For years I have carried a small red canvas backpack my mother gave me, made by Kettle Creek Clothing Company. The name is embroidered on it in golden-brown thread. It is rugged and has already been repaired once by a friend, but is finally wearing out. Kettle Creek closed years ago, and cloth bags like this one are becoming hard to find. It is irreplaceable.

For years after I came out, I used to head into Toronto once or twice a month to visit the gay village, meet men I had encountered online, go dancing at the bars and spend time with friends I had made there. I dated quite a few. I traveled light, and this bag would carry everything I needed for a weekend.

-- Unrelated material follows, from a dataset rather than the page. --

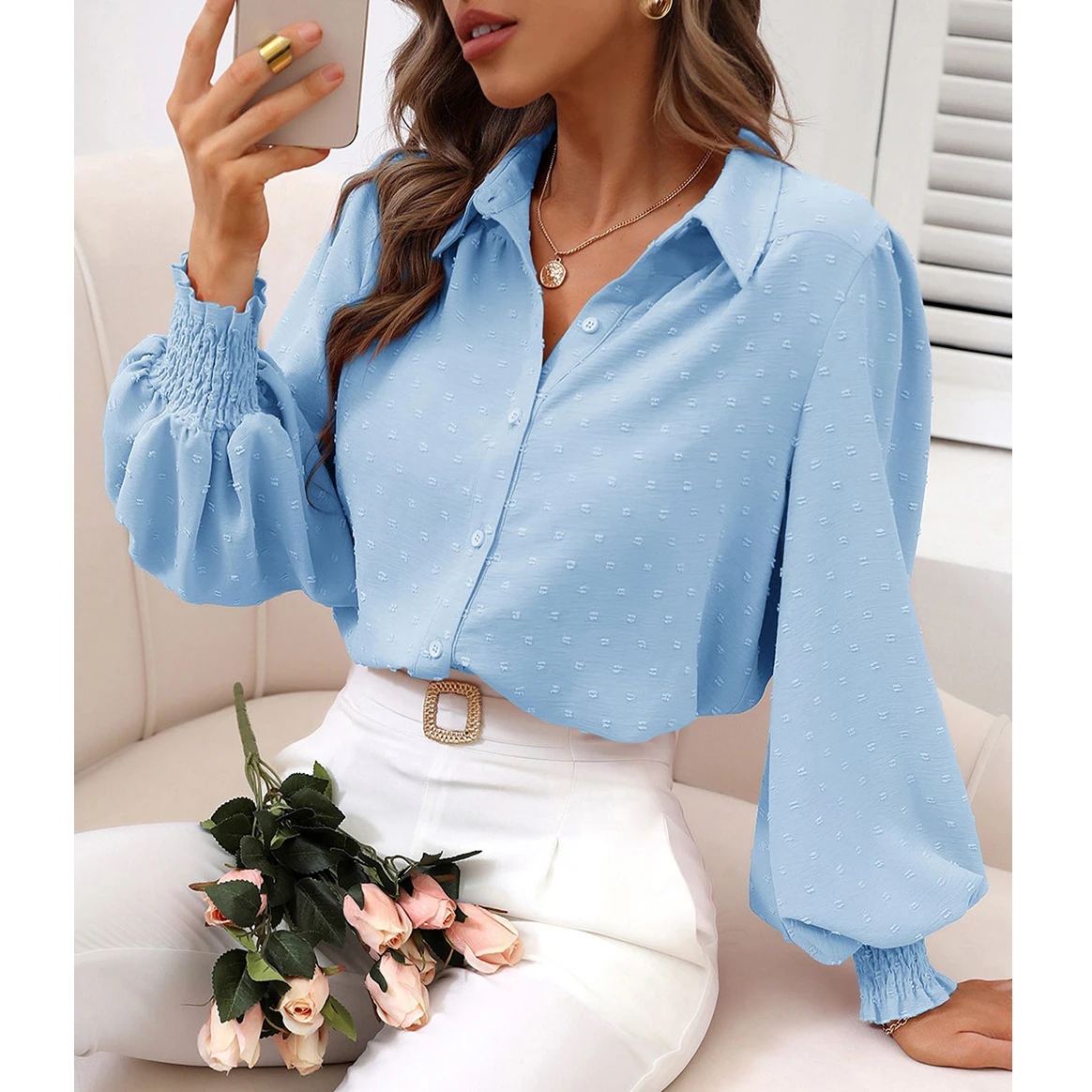 

Women Chiffon Button Down Shirt Lantern Long Sleeve Office Blouses V Neck Casual Elegant Business Tops Slim Fit Shirts AM5017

Those were exciting times but also lonely, I suppose. I had lost my social network and was starting over from nothing. I couldn't go back to where I had been, but had to figure out who I really was and what kind of people I belonged with. I was doing what every adolescent needs to do, twenty years late. Few relationships I made in those days have endured until now. I came out in 1996, and it was five years before I started to figure out where I fit in. It turned out to be Guelph after all, not Toronto, but the big city offered a quick fix. That sounds cheap, but you need something when you're on your own. Toronto kept me busy and allowed me to experiment, and that was valuable. I had few constant companions, but the red bag was one of them.

Later I used it more often for carrying my writing things to the E-bar above The Bookshelf, where I liked to hang out and work. Since I moved seven weeks ago and could walk to pick up groceries, the bag has proven useful but suddenly started to show its age.

In one patch on the bottom the threads are wearing bare. I am afraid to carry anything heavy in it. Soon it will become useless.

I used to keep old, broken, lovely things that had sentimental value attached, but I am trying to overcome that habit. In striving for a simpler life, you can't afford to hold onto clutter. One day soon I must let go of this bag, but I need to retain the stories that hang from the fabric. They are part of who I am.


  1. If you truly don't want to part with it, what about sewing it up and re-purposing it as a pillow, or framing a part of it in a shadowbox?

  2. Not a bad idea, Angela, but I'm not handy with needle and thread, besides this bag would make an ugly, faded pillow. I am seriously trying to break my habit of holding onto worn-out objects, and this knitted square commemorates the bag nicely enough.